Perhaps you’re among the 90% of Canadians polled by CBC’s Marketplace who are “concerned or very concerned” about the impact of plastic on our environment.
I know I am. And plastic doesn’t just have impact on our environment when it’s disposed of improperly. Recycling is no panacea, given that, according to Environmental Defence, only 11 percent of the plastics we use end up recycled. The remainder gets incinerated or winds up in landfill or our lakes, rivers, and oceans.
No matter how convenient we find our plastic products, our planet would be better off with less of them.
But where to start? Plastic has, after all, permeated pretty much our entire lives – from food packaging and clothing to building materials and deck chairs.

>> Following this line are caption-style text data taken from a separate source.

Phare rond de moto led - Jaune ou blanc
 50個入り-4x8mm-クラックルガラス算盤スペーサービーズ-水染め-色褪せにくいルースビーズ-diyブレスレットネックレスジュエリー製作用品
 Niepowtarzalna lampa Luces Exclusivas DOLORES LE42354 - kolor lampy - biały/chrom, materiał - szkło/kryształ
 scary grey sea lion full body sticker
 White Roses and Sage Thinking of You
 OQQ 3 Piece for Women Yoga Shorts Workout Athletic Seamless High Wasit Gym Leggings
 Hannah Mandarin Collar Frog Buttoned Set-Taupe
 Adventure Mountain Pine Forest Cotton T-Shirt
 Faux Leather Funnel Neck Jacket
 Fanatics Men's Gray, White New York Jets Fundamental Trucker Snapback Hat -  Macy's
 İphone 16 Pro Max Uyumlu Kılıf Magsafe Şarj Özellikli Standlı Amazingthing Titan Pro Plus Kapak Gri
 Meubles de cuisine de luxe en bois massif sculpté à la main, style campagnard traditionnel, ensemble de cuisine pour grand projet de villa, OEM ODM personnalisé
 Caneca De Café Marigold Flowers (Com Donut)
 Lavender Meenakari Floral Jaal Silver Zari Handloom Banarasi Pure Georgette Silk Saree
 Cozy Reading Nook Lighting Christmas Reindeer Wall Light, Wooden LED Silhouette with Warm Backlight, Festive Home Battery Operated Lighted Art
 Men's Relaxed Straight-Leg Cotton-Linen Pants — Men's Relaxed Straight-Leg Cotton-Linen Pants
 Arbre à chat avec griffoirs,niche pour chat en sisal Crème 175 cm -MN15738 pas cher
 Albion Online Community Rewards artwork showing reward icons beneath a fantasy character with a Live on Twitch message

Heenal Rajani, co-founder of Reimagine Co. and Naked, a London, Ontario-based business that sells reusable products and offers free workshops to the community, urges us to be patient with ourselves so we don’t get overwhelmed. [Reducing plastic] isn’t going to happen overnight, he says. “It’s a journey. Start with one area at a time.”
Cleaning: Plastic packaging is ubiquitous so refilling containers can go a long way toward reducing your use of plastic. “Search out places where you can refill soaps and shampoos,” says Rajani. Not only will doing so reduce your plastic use, it can reduce your costs. Consider using bar soaps and shampoos, most of which, if they’re wrapped at all, are wrapped in paper.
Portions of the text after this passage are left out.